SuperPi computational test shows that even DDR3-1333 cannot outperform DDR2-1066 SDRAM. There is only one thing I can say in favor of the new generation memory: the victorious DDR2-1067 with 4-4-4-12 timings is indeed an overclocker solution and is pretty expensive. DDR3 SDRAM should solve this problem. Memory modules working at 1333MHz frequency (and later at 1600MHz) are pretty standard solutions from JEDEC specification prospective. In other words, they should eventually become cheaper than high-speed DDR2 SDRAM thus offering good performance at a lower price.
There is nothing new on this chart showing PCMark05 results.

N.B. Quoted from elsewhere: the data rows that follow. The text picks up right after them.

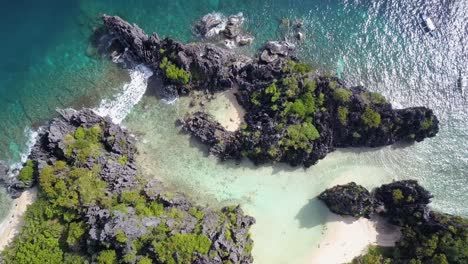 Aerial-pedestal-down-on-Hidden-Beach-and-clear-shallow-waters-surrounded-by-limestone-cliffs-in-El-Nido,-Palawan,-the-Philippines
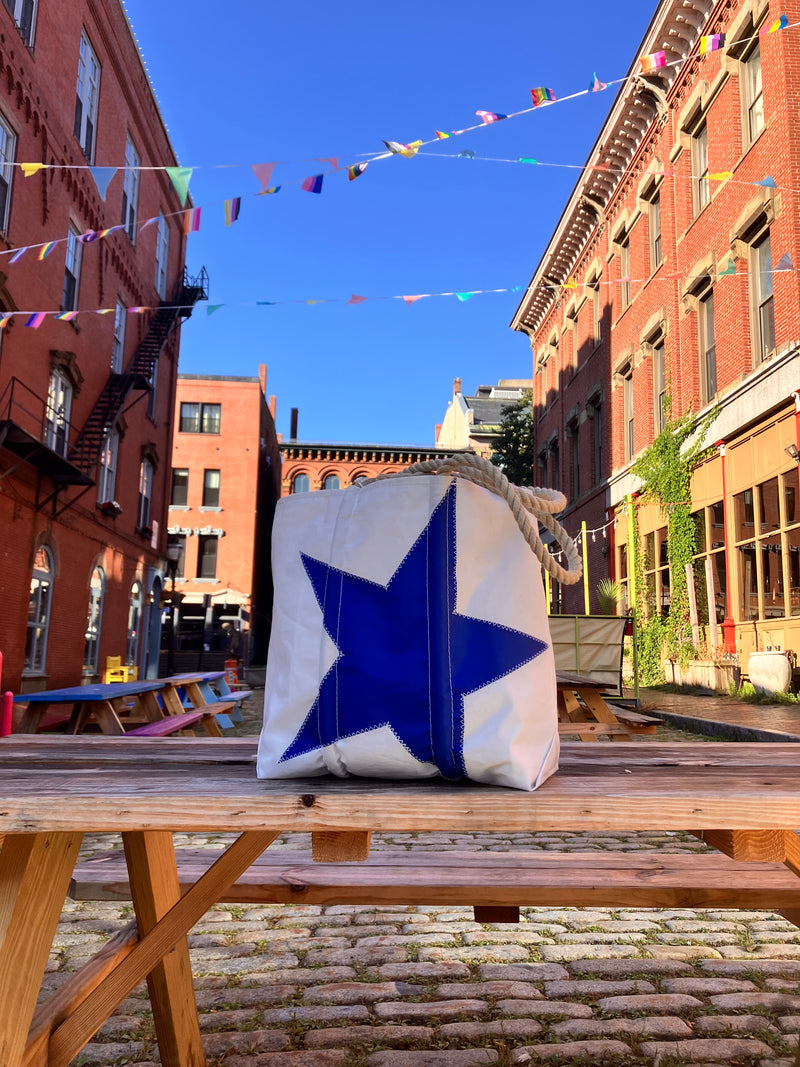 blue star medium tote in cobblestone street under a blue sky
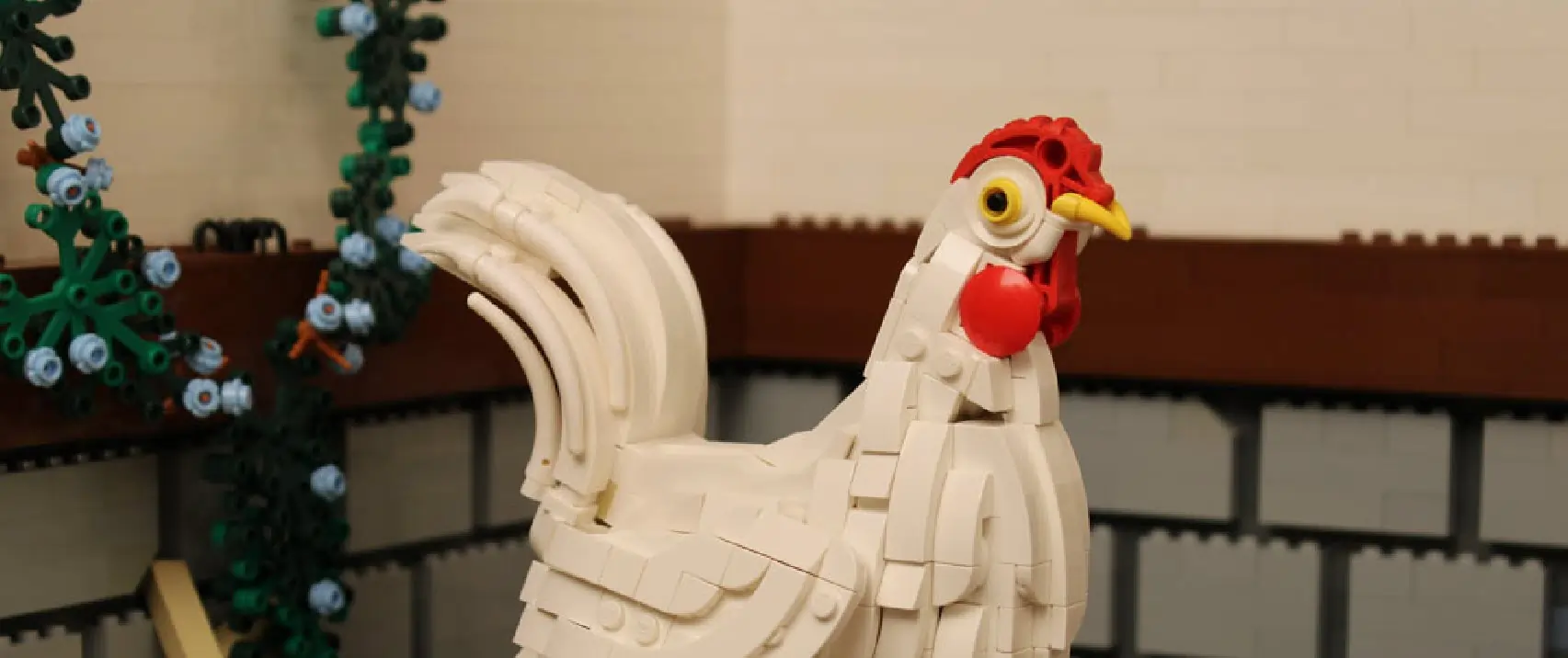 Lego chicken model representing creativity and teamwork in the Lego Challenge activity.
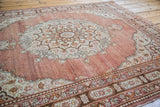 Ornate medallion, cinnabar red field, and pearl floral details of the antique Tabriz rug.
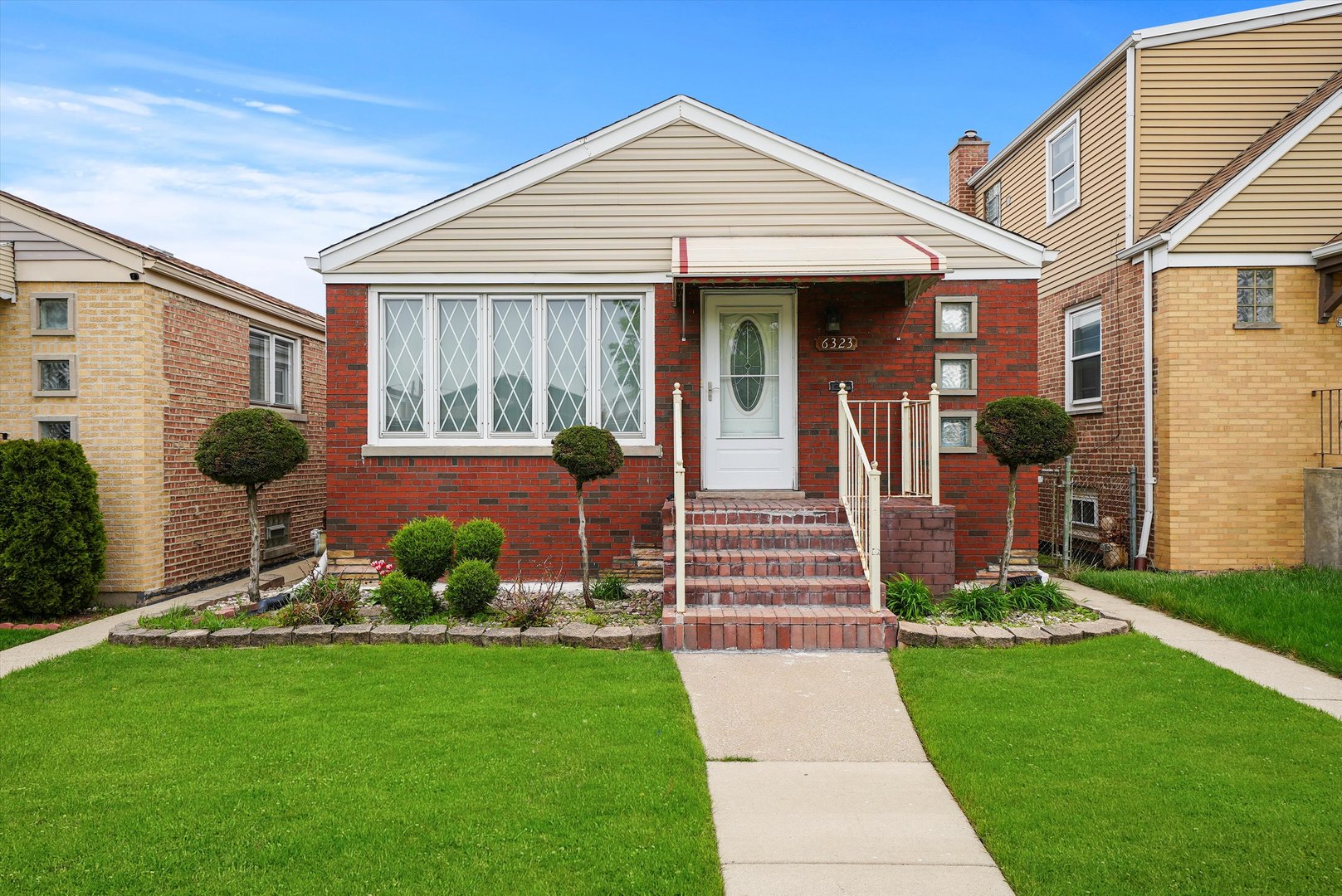 a front view of a house with a yard and potted plants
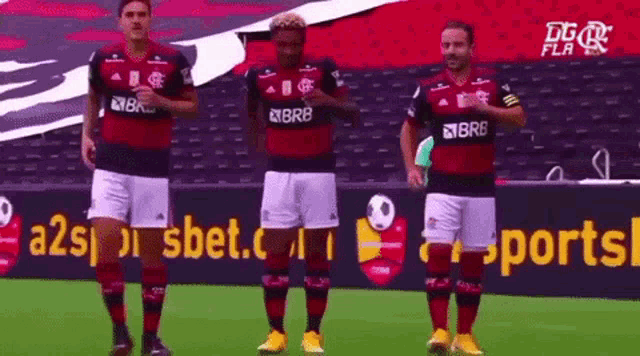a group of soccer players are standing on a field in front of a sports advertisement .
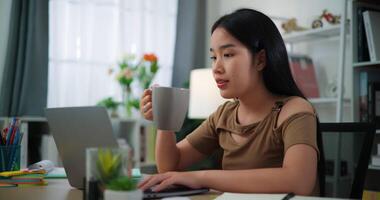 métrage de content Jeune asiatique femme travail avec portable sur une bureau dans le vivant pièce à maison. mode de vie, activité et gens concepts. video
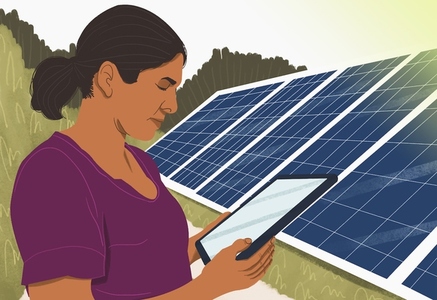Woman with digital tablet standing next to solar panels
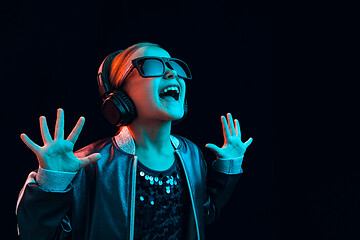 Image showing Young girl with headphones enjoying music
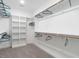 Spacious walk-in closet with custom shelving and ample hanging space for organized storage at 100 Old Garden Ln, Youngsville, NC 27596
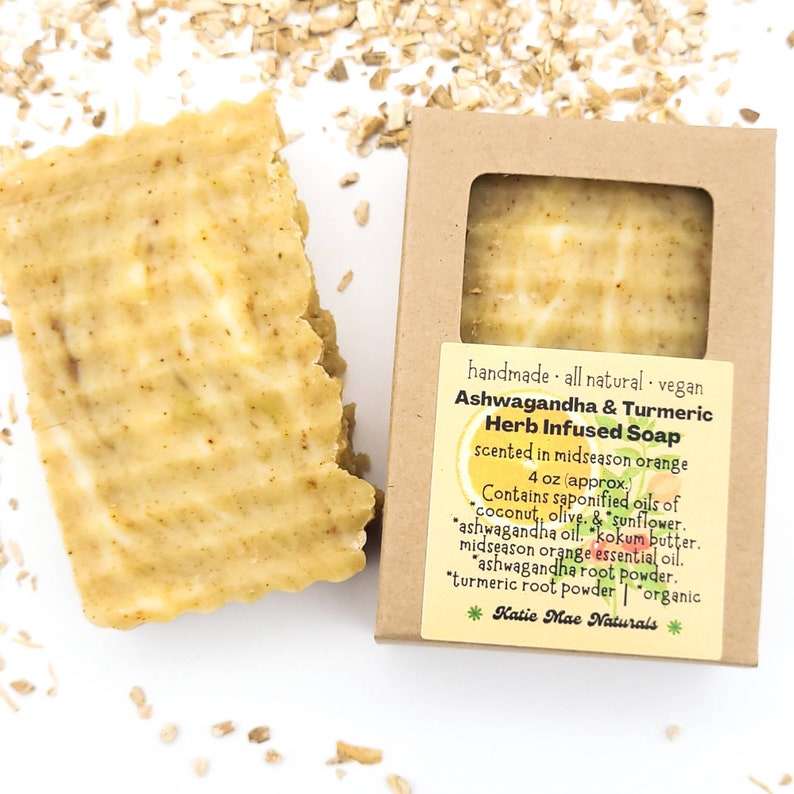 May include: A bar of handmade, all-natural, vegan Ashwagandha & Turmeric Herb Infused Soap, scented in midseason orange. The soap is 4 oz and contains saponified oils of coconut, olive, and sunflower, ashwagandha oil, kokum butter, midseason orange essential oil, ashwagandha root powder, turmeric root powder, and is organic. The soap is packaged in a brown cardboard box with a label that says "Katie Mae Naturals".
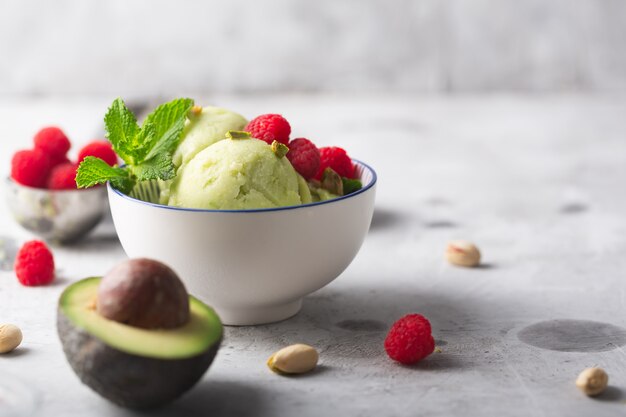 Homemade organic avocado and mint ice cream in a bowl with copy space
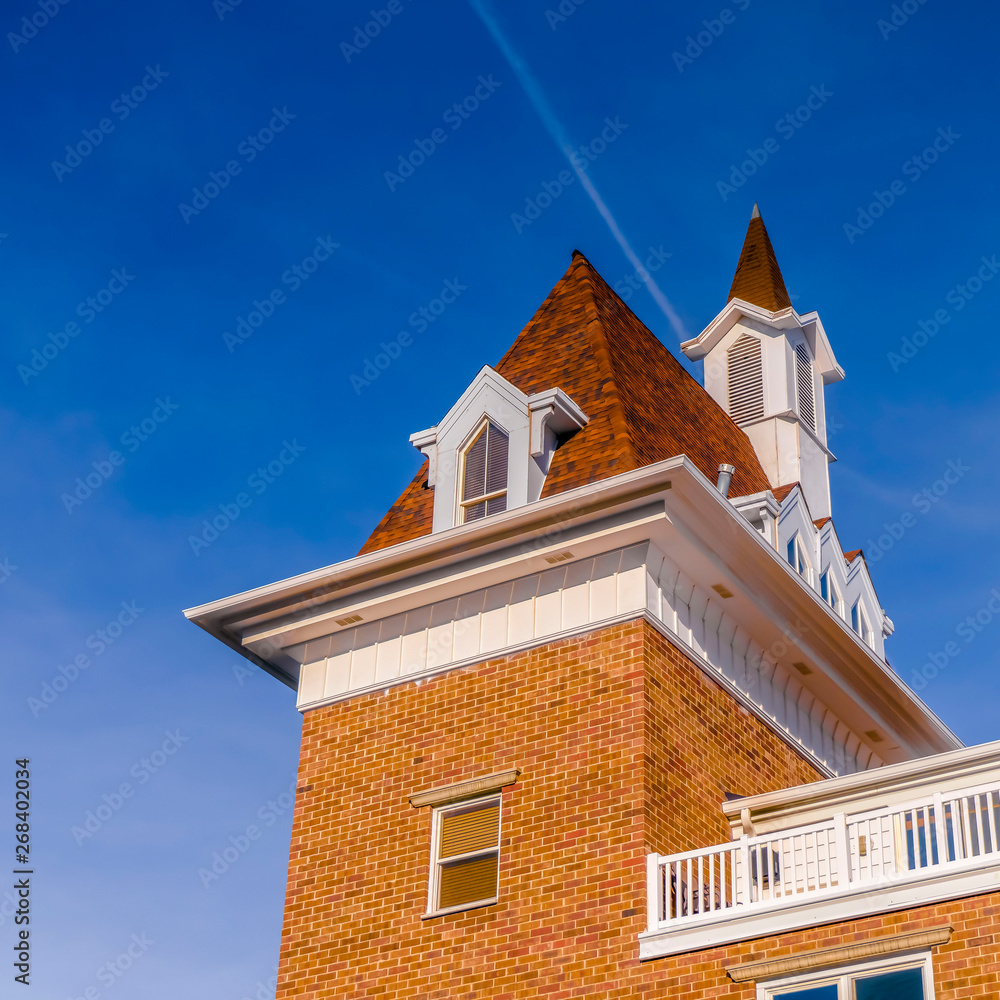 Clear Square Exterior view of a building against vibrant blue sky on a bright sunny day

The numbers do not show any advantages of the new generation memory. DDR3-1333 with 7-7-7-18 timings can only perform as fast as relatively ordinary DDR2-1066 with 5-5-5-15 timings. As for the DDR3-1066, the systems using it perform as fast as those with DDR2-800 SDRAM. And the only actual advantage of DDR3-800 SDRAM seems to be its lower power consumption. Performance is definitely not among its strong points.
Performance in 3DMark06 hardly depends on the memory subsystem settings. Nevertheless, we can see all the above described tendencies projected on the results of this benchmark, too.